This post about how to make Frankenstein Pumpkin Candy Holder for Halloween has been compensated by Collective Bias and its advertiser. All opinions are mine alone. #TrickOrSweet #CollectiveBias
Our neighborhood has a yearly Pizza Party on Halloween. Kids and parents dressed in their costumes gather in one of our cul-de-sacs anxiously waiting to be released for trick or treating. The pizza is barely touched, as they anticipate the amount of candy they will gather in their Halloween bags. On their return, they divide their candy and quickly recount their Halloween Adventure. Trust me, having three kids myself, each house is then also critiqued based on the kind of candy and whether there was something unique about its presentation. Since my kids are too young to go off on their own, we usually leave a bowl of candy on the front porch hoping no one will just dump its contents into their bag.
This year, we decided to stock up on the BIG bags of Hershey’s Candy we found at Walmart and create a fun candy holder for trick-or-treaters.

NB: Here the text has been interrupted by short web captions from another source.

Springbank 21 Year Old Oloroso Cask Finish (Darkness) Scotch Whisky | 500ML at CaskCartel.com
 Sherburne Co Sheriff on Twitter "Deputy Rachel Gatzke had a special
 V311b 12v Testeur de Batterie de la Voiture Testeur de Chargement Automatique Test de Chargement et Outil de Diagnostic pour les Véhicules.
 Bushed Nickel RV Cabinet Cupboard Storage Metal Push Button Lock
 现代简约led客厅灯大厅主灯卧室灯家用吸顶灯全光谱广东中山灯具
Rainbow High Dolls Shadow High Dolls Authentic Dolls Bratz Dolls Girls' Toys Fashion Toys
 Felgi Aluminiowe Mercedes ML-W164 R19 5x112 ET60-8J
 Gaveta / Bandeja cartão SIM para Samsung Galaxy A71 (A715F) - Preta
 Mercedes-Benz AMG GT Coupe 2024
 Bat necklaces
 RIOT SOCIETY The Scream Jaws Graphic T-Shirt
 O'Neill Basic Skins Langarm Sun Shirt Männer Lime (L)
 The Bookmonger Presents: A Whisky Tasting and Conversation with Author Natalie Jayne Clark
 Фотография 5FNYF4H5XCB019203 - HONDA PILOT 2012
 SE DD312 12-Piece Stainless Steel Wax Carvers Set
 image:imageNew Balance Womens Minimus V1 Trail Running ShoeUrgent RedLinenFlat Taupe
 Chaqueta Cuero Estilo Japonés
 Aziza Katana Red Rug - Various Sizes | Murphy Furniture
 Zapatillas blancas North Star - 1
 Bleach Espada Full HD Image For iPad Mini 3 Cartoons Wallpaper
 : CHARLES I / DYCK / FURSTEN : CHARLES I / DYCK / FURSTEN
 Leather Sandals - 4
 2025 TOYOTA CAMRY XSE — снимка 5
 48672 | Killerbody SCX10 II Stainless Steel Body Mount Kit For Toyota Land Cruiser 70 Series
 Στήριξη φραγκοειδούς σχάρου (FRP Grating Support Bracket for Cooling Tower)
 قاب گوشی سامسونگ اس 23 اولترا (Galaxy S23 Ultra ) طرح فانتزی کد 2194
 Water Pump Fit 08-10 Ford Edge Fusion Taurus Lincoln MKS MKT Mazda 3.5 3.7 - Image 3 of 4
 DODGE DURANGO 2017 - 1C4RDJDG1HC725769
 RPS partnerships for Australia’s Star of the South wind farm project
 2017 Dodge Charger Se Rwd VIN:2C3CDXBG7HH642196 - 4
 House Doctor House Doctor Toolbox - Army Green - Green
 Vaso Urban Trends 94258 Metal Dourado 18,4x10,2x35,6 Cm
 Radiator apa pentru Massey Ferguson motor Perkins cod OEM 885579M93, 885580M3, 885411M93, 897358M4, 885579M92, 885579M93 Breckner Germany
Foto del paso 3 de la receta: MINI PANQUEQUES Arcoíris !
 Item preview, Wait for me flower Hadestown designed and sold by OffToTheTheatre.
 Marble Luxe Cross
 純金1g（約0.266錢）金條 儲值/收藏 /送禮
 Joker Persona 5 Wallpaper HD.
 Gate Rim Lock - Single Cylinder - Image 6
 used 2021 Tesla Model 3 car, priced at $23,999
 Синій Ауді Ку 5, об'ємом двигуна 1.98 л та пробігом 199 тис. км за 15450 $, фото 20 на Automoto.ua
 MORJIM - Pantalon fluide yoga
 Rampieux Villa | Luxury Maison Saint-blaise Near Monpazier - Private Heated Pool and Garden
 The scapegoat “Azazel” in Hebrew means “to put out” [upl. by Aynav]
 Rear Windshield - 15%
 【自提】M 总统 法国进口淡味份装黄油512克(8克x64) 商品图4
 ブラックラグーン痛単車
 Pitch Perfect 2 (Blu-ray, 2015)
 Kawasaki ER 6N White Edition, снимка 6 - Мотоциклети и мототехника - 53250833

Maybe this will discourage those greedy kids from taking the entire pumpkin filled with candy, while making our house one for them to discuss when they get home. It is so hard to decide what type of candy to get each year. I always worry about peanut allergies, so we went with the Hershey Green Monster Variety Bag and the Goodies Galore Variety Bag both retailing for $14.94 at Walmart.
To make this fun Frankenstein Pumpkin, you will need:
- big bags of Hershey’s Candy (you know your neighborhood, so buy enough to cover the amount of kids that will be lined up to put their hand in Frankenstein)
- a fake pumpkin
- green spray paint
- 2 corks
- 2 2-inch nails
- black, white and purple Acrylic Paint,
First cut a good sized mouth leaving at least 2 inches at the bottom of the pumpkin. We used a serrated kitchen knife. Any pumpkin carving kit saw would work as well.
Then spray paint your pumpkin green. Be sure to do this outside.
While the pumpkin is drying, paint the corks black.
When the corks are dry, drive a nail from the inside of the pumpkin to attach the cork to the outside. You may want to mark the spot with a pencil so the “bolts” are spaced properly.
Then, get creative with the acrylic paint to create your Frankenstein. My 14 year old and her friend made our Frankenstein friendly, but let your imagination go.
To fill your pumpkin, we found it easiest to lay him on his side and dump the big bags of Hershey’s candy into his mouth.
Now your Halloween candy is ready for all of the ghosts and goblins who will be showing up at your door.
Since we are leaving our candy bowl outside, we made a sign encouraging our trick-or-treaters to show some restraint.
This would be a fun project to take to a Halloween party at School or a trunk or treat event at your church. Teachers might find this a fun incentive for students!
What is your favorite Hershey’s Candy at Halloween?